RDF

CWM - Closed World Machine

CWM is a popular Semantic Web program that can do the following tasks:-

CWM was written in Python from 2000-10 onwards by Tim Berners-Lee and Dan Connolly of the W3C.

This resource is provided so that people can use CWM, find out what it does (documentation used to be sparse), and perhaps even contribute to its development.

Installing CWM

To install CWM, you will first need to install Python if you don't have it on your machine. The latest version is highly recommended: certainly upgrade if you are using a 1.x.x version, since CWM seems to depend upon SAX (the simple XML API). CWM worked properly with Python 2.2 as of 2002-08.

Next, you will need to get the CWM modules. All of the CWM material is developed and hosted on the W3C site, in the SWAP (Semantic Web Area for Play/Semantic Web Application Platform) directory. However, since not all of the files are publically accessible (many of the files return "403 Forbidden"), Dan Connolly opened up the directory through CVS: /2000/10/swap/ in W3C CVS. The CVS mirror is approximately 50 minutes behind the canonical SWAP directory.

Important note: the latest version of CWM (files of 2002-02-25) is quite slow (check out the bugs reports: 1, and 2). TimBL is gradually speeding it up, but note that the 1.82 distribution of CWM is relatively stable, and has the same kind of functionality. My personal recommendation is that you try the latest version first, but if that doesn't work, go for the .tar.gz of v1.82.

The Modules

You should get the following modules and put them into a single directory:-

Reminder: the tar.gz file for CWM 1.82 is available as cwm1.82.tar.gz (Winzip should be able to read tar.gz, but if not, please let me know.

Installation Problems

CWM relies upon the SAX XML parser in Python to parse XML RDF, but this usually does not come with the Python distribution, and has to be installed separately. On Debian you can run "apt-get install python-xml" (tip courtesy of DanB and DanC). The following details noted in sax2rdf.py may also help:-

If you run Python on CygWin, you can just grab the pre-compiled package from dbs. However, when you upgrade Python it seems that you have to reinstall it, which is very frustrating.
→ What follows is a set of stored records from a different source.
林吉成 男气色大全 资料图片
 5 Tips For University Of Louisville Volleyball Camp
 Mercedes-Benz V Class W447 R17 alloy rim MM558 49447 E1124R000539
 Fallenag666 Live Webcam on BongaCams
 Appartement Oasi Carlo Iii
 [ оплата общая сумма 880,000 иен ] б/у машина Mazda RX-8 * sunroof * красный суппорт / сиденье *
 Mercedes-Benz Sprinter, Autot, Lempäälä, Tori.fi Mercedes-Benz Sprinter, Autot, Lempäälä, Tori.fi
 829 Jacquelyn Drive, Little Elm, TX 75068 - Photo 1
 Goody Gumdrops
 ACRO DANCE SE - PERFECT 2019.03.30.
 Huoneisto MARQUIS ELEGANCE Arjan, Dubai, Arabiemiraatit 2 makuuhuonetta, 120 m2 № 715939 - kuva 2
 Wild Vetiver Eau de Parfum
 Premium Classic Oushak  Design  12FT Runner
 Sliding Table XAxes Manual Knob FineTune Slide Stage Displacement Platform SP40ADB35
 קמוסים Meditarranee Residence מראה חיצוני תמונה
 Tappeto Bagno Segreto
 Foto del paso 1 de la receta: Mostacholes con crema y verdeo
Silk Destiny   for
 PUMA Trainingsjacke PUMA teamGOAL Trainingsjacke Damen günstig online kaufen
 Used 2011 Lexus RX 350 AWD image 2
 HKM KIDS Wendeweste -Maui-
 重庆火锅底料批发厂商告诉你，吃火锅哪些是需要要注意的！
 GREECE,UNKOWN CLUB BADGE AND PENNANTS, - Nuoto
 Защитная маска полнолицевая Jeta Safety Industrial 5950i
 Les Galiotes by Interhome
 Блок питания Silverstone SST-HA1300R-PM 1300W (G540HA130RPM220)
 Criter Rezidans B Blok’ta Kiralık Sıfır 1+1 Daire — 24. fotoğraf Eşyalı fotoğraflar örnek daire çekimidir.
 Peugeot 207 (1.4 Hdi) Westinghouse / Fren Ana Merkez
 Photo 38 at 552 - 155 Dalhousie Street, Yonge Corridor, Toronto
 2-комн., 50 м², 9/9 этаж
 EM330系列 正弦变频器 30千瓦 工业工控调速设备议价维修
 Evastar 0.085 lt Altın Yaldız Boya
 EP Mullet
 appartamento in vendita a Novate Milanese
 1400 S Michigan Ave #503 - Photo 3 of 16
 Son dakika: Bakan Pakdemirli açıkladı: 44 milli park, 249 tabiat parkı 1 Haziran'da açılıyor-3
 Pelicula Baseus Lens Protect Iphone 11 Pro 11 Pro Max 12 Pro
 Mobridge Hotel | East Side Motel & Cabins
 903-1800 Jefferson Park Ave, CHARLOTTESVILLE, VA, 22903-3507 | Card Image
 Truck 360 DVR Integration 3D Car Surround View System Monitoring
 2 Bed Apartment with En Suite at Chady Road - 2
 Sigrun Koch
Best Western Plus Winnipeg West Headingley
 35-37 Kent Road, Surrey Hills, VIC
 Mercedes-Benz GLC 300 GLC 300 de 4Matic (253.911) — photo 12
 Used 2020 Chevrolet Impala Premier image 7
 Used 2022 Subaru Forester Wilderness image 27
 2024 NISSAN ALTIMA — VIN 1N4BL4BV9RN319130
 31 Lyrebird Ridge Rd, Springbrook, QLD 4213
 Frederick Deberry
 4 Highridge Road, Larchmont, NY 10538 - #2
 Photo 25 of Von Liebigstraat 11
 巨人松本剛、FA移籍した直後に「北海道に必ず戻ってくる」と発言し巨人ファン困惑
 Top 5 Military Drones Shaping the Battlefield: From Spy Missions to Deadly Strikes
If in doubt, try to use the standard Windows Python installation from CygWin (you can run Windows programs through CygWin).

Getting Started

There are a number of resources available to get you started on CWM and Notation3. The main ones come from TimBL himself: the Notation3 Primer a page of CWM Examples, and the CWM Homepage. The CWM examples page is very good if you want to get started, but only describes a portion of what CWM can do, and leaves you to figure out the rest.

CWM is run at the command line as normal, and takes a number of different flags. The most common of these are listed on the SWAP page under Command line parameters (now up to date).

One important command line flag left off of the list is --strings. This prints out strings such that: "--strings Dump :s to stdout ordered by :k whereever [sic] { :k log:outputString :s }" (from cwm.py).

As a matter of interest, there is a log file of every time the string "CWM" was mentioned on the RDF IG channel.

CWM On Your Desktop

I created a batch file in Windows for CWM, and I found that I most commonly used only a certain set of commands. You can of course customize your own commands, and perhaps make an sh file, but these are the commands that I find I most commonly use:-

I wrote a short CWM Utility as a Windows BAT or a Python script that can run some of the most popular commands; it allows you to have CWM running on your desktop, or from a very simple menu based interface.

CWM NTriples Cleaner

Because CWM does not produce valid NTriples (in version 1.82 and before, at least), I wrote a Python script that will clean it up: cwmntclean.py.

CWM Example Code

CWM can do many things: merge documents; apply rules (by adding or filtering); convert between XML RDF, NTriples, and Notation3; flatten contexts; perform queries (just a subset of rules); do math, string functions, and get os variables; and so on... It's difficult to know where to start getting into it.

The SWAP test directory contains a number of experiments run by Tim and Dan to test CWM's functions. Here is a summary of the pieces...

Regression Test

There is a large regression test which forms the basis of the things that get checked regularly in CWM.

Semantic Web Utilities

One of the things that you notice when you have used CWM for a while is how close in philosophy it is to the set of *nix tools*. You tend to start setting up filters (N3 rules files etc.) that can do certain tasks. Here are just some of the files that have already been developed.

RDF Lint and check.n3 are basically things that assist with validation, but note that there is not really such a thing as "invalid" data on the Semantic Web: there is only farily consistent, and inconsistent data. The utilities mentioned go through the data and flag the inconsistencies.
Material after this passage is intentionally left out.